Over time, expect to see printers that can print color gradients and mix colors, very much like we mix colors on modern photo printers, in combinations of red, green, and blue, or cyan, magenta, yellow, and black.
Combining colors and materials: The dual-extruder Ultimaker 3 is able to combine materials into one print. For example, you can print the body of an object in PLA and the support structures in a dissolvable PVA filament -- all in one printing session. This process fuses materials together, yet allows them each to have their own properties. Current printers can also fuse solid plastic with flexible, rubber-like plastic to make joins that can bend.
As time goes on, expect to see more complex mixes of materials, including printers that can mix fused metal printing with fused wood printing, for new and fascinating objects. This will take time, because the material science and production methods have to catch up, cost reduce, and become safe enough for small office and departmental use -- but it's going to happen.
Bigger and smaller: You know the tiny screws in your eyeglasses? They're definitely too tiny to 3D print today. As we get more capable in terms of material, and more precise in terms of production and process, expect 3D printers to be able to produce very tiny objects.
Likewise, expect 3D printers to scale up. Already, we're seeing some companies going after traditional construction, like the Apis Cor project that aims to 3D print houses. Will we use our 3D printers to print a new shed out in the back? Unlikely. But once you watch this guy 3D print a small castle using extruded concrete, you realize it might be possible to build a small robotic device that moves and prints building materials. It's the future.
Another size innovation of note: we're starting to see 3D printers print objects on a moving belt, like from an assembly line. These printers, like the Printrbelt from Printrbot, can be used either to print longer objects (as long as the out-feed area allows) or, assuming a way to detach the objects is developed, manufacture a sequential series of objects without requiring the base plate to be periodically emptied of objects.

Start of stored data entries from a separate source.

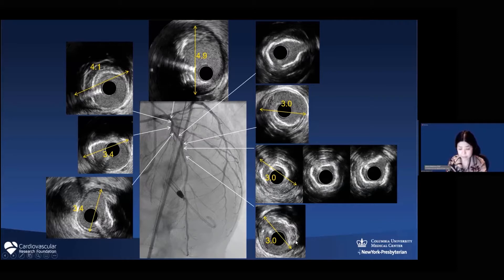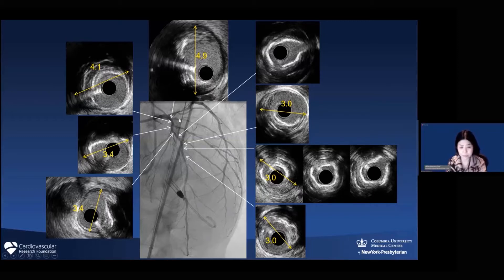Now you can recognize that even though geographically it looks like quite diffuse disease, vessel tapering is really determined by the side branch locations. So whenever you see a diagonal branch, you should recognize that the vessel diameter will change in a very consistent way.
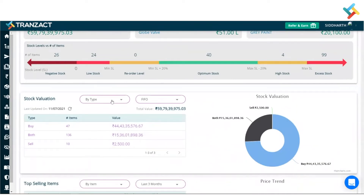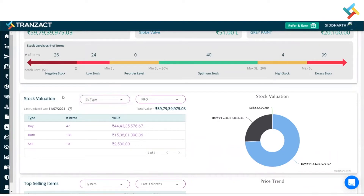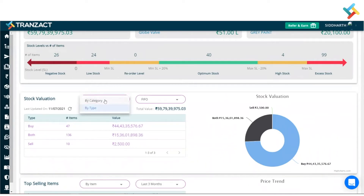Just below that we have the card for stock valuation by type and by category. Stock valuation by type works based on how you mark the inventory while adding it — as buy, sell, or both. It gives you the exact stock valuation of all three categories.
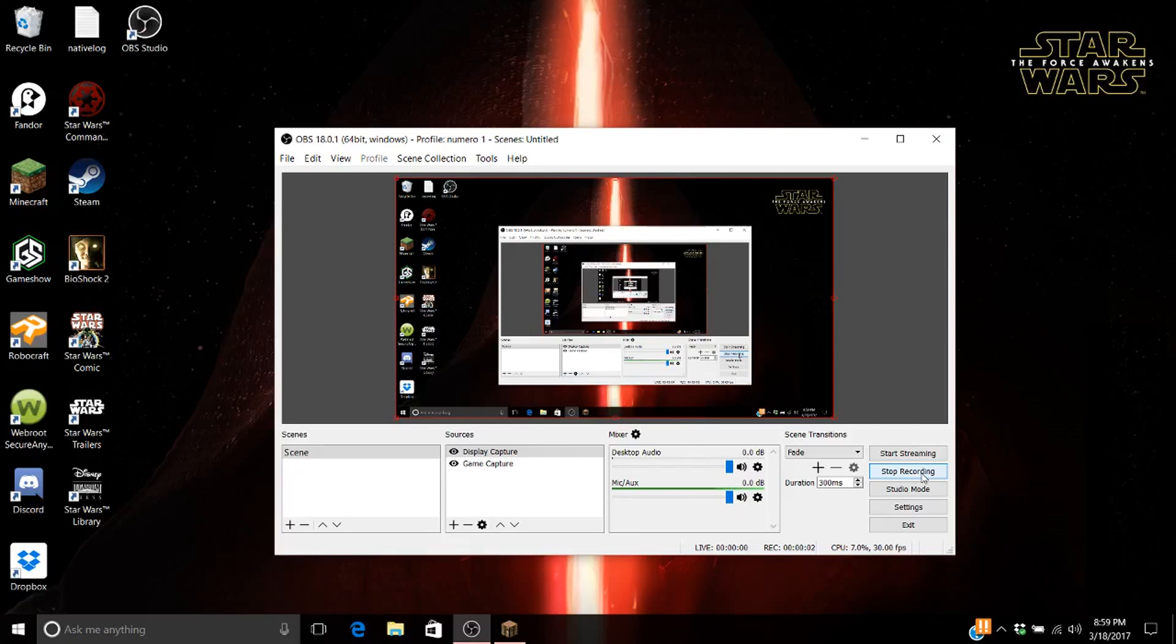Hey guys, welcome back to my channel. My name is DysfunctionalGamer, and today I'm going to be showing you how to use OBS Studio.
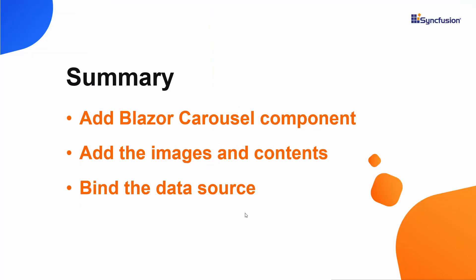Let's recap what we have covered in this video. We saw how to create a Blazor WebAssembly app using Visual Studio 2019 and add a SyncFusion Blazor carousel component to it. We discussed how to add images and captions to the component. We also saw how to bind the data source to the Blazor carousel component.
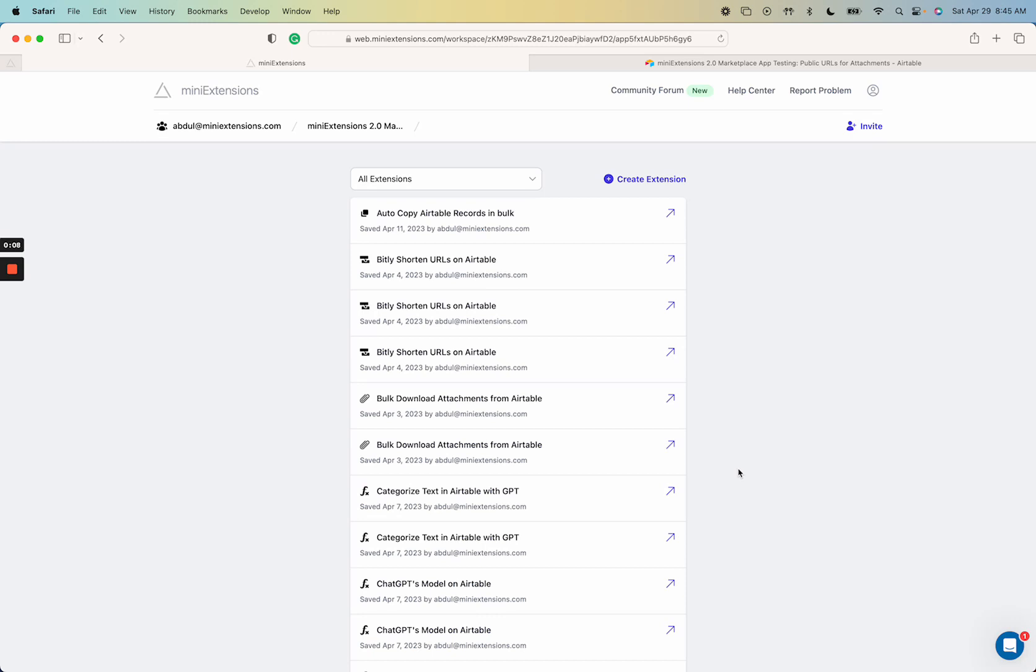In Airtable, attachments are stored permanently but if you take the URL of the attachment and start using it, after a few hours it stops working. This extension that I'm about to show you solves that problem.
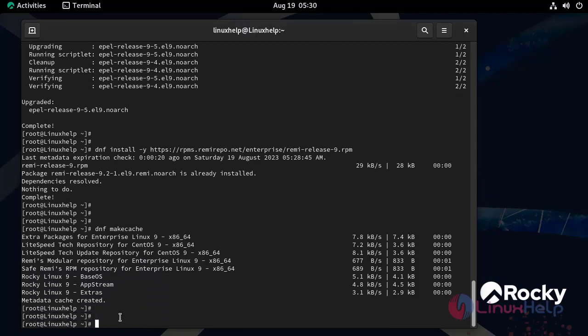Now I am going to install OpenLiteSpeed and dependent software packages by using the following command.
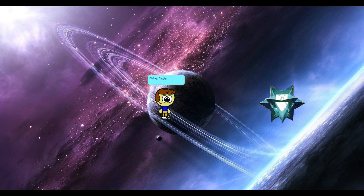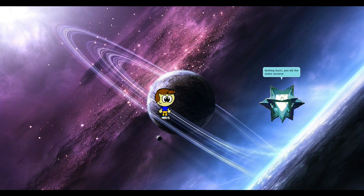Oh hey, Jiggity, what's up? Nothing much. Just did the entire universe a favor and destroyed my evil self.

Printing methods: So far, I've been talking about additive fabrication, where material is built up to create an object. Subtractive fabrication, in the form of CNC devices, has been around for years. That's where material is cut from an object, either using a bit or a laser.
We're just starting to see the first few desktop laser subtractive fabricators. As time goes on, expect to see devices that allow you to mix additive and subtractive printing, either in the same printer, or using the same device. It might be a case of swapping tool heads, or it might be a case of multiple heads used for different purposes, but it's coming.
Cost: Let's end our discussion with the one factor that's pushing 3D printing forward: the reduction in cost. A few years ago, you could get under $500 3D printers, but they had only very tiny build areas. However, that's changing.
The folks at GearBest just sent me a Creality CR-10 printer. This thing has a 300x300x400mm build volume, which is bigger than any of the printers I currently have in my shop, including those costing $3,000 and above.
Here's the kicker: the CR-10 is $429. Soon I'll be setting it up and putting it through its paces. Can you say "Giant Yoda Head?" Yeah, I knew you could.
Just a few months ago, I made the statement that build area generally tracks with price -- the bigger the build area, the bigger the price. The CR-10 sets that on its ear. I think we'll be seeing that busting of the price/performance trend line across many more aspects of 3D printing, in just the next few years.